None of this is true Digital disruption... not even close. In fact, it's not even true Retail disruption... at best it's evolution... or reapplication of time-tested and sadly forgotten truths... that it's people who shop, want convenience, look for value, need choice, require confidence and demand ease of purchase and return.

I recommend that you read the Sears Wish Book cover of the 1890s and compare it to Amazon... also look at the size of the "remote" shopping industry when it was difficult to get to a store and, even if you could, there was no real selection of goods or value in pricing... do the conversion math - the industry was huge.

Nor is there anything called digital delivery... despite the digibabblists and the analysts looking to monetize yet another market moneymaker for themselves.

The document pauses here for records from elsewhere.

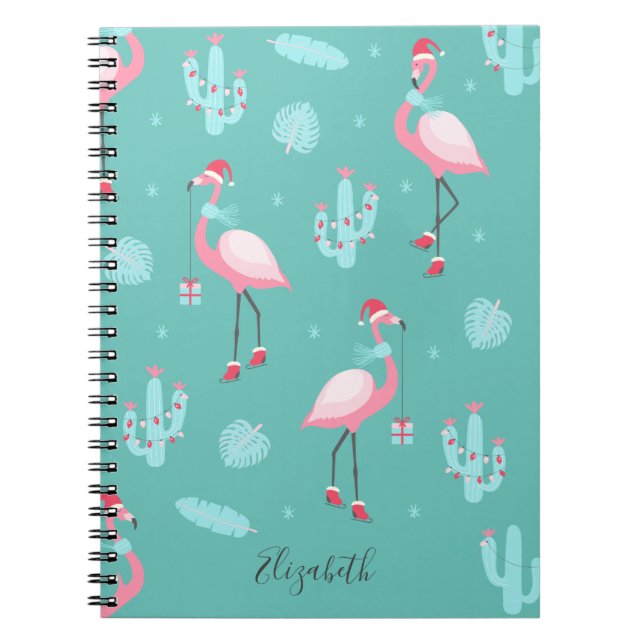 Flamingos Santa Hatt Presenter Snöflingor Anteckningsbok (Framsidan)
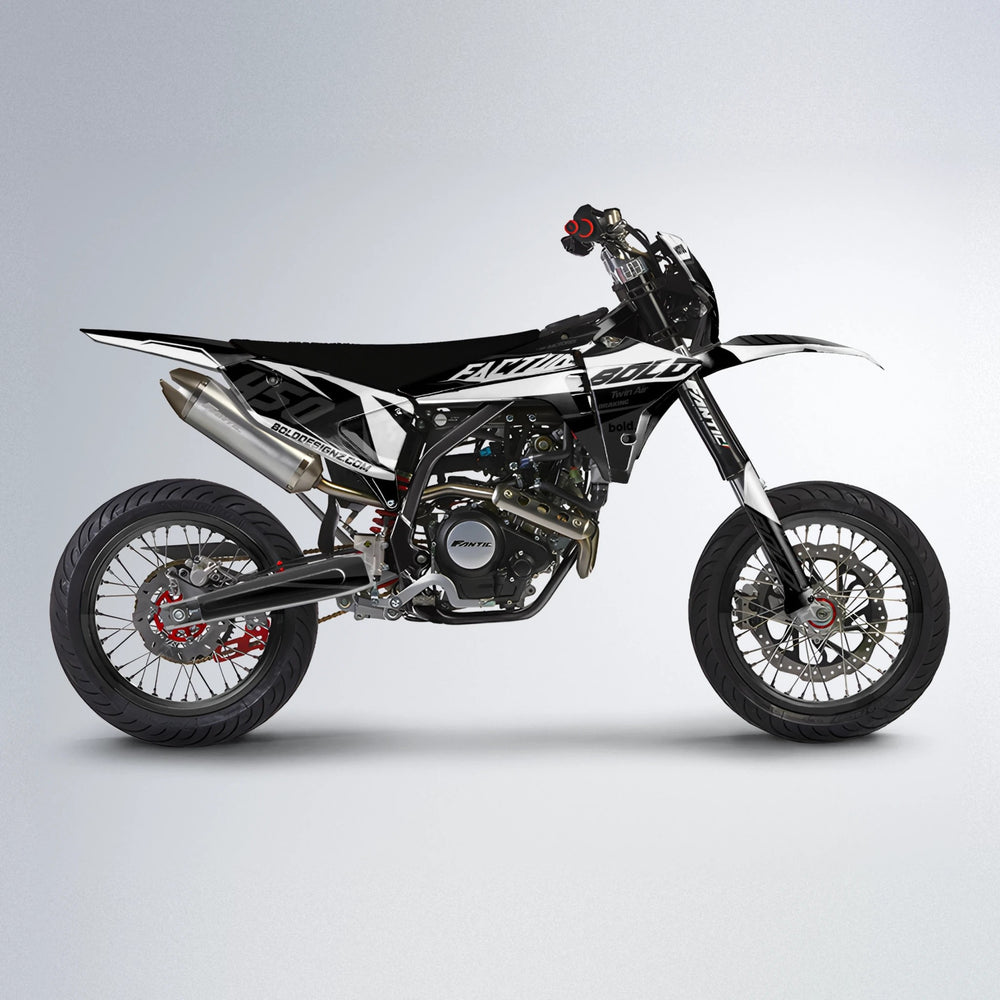 GLOBBY Fantic supermoto graphics kit in White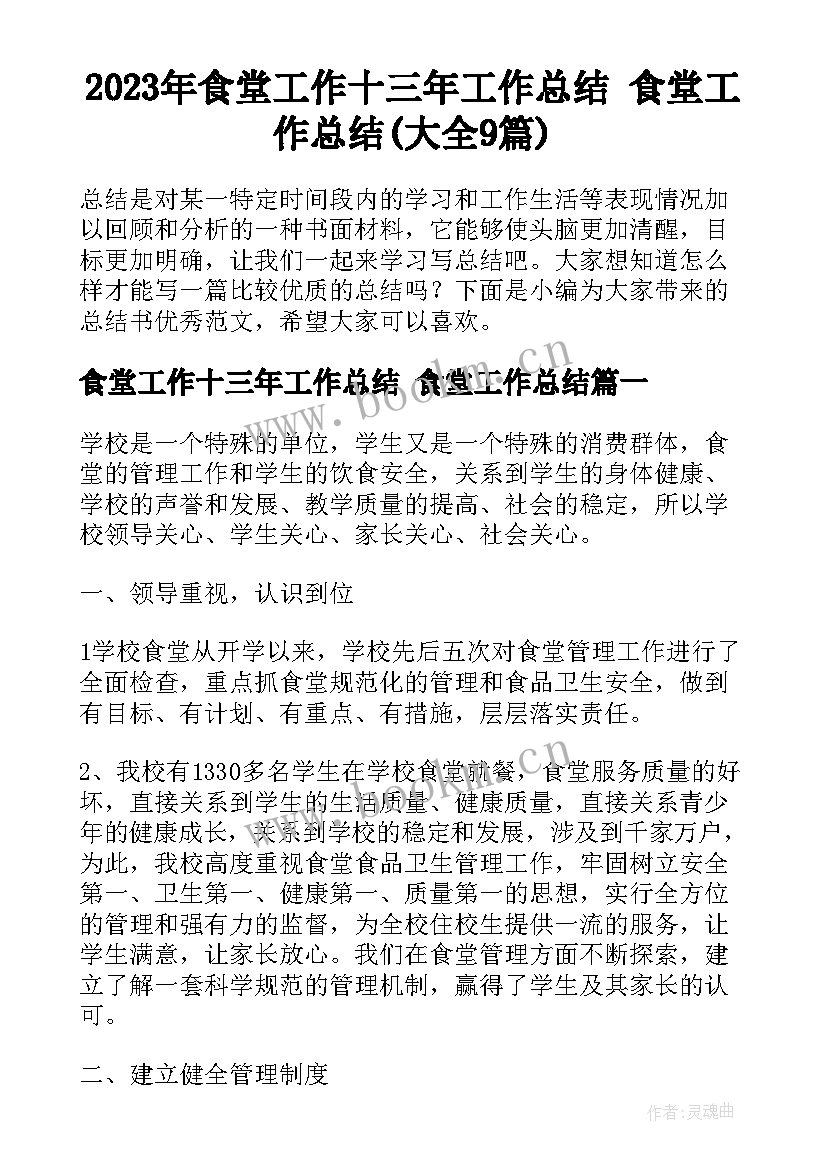 2023年食堂工作十三年工作总结 食堂工作总结(大全9篇)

Drones? Check out the Dabawallas.

And bottom line?

Amazon has just invested in a fleet of trucks...

And in a tribute to Dickens and the power of Christmas, here's a recent story about Amazon:

Bins full of orders move along 14 miles of conveyor belts, but outside, traffic grinds to a halt for miles when more than 4,000 employees are going in and out during rush hour.

On Wednesday, [Mayor Dave] Fried, Council President Ron Witt, police brass and township engineer Tim McGough will meet with Amazon's senior management to discuss both short- and long-term solutions - among them being adjusting the timing of traffic lights, enforcing park-and-ride programs for employees, changing shift schedules and adding more lanes and roads.

The number of Amazon employees is more than double than what was originally approved, Fried said. They work four 10-hour days on two shifts.

"We have a system that was built for a number of cars and it's twice as many cars," he said. "It wasn't built to handle that much volume."

"Most concerning, though, is the accident count has risen 300 percent," he said.


And there you have it... Dickens half-crown is now billion dollars of loss and traffic accidents...

Let me end as I began... with Dickens:

There are books of which the backs and covers are by far the best parts. Charles Dickens


I can think of no better articulation of Digibabble.

What do you think?

And what do you think that "intelligent boy...remarkable boy....delightful boy" would say?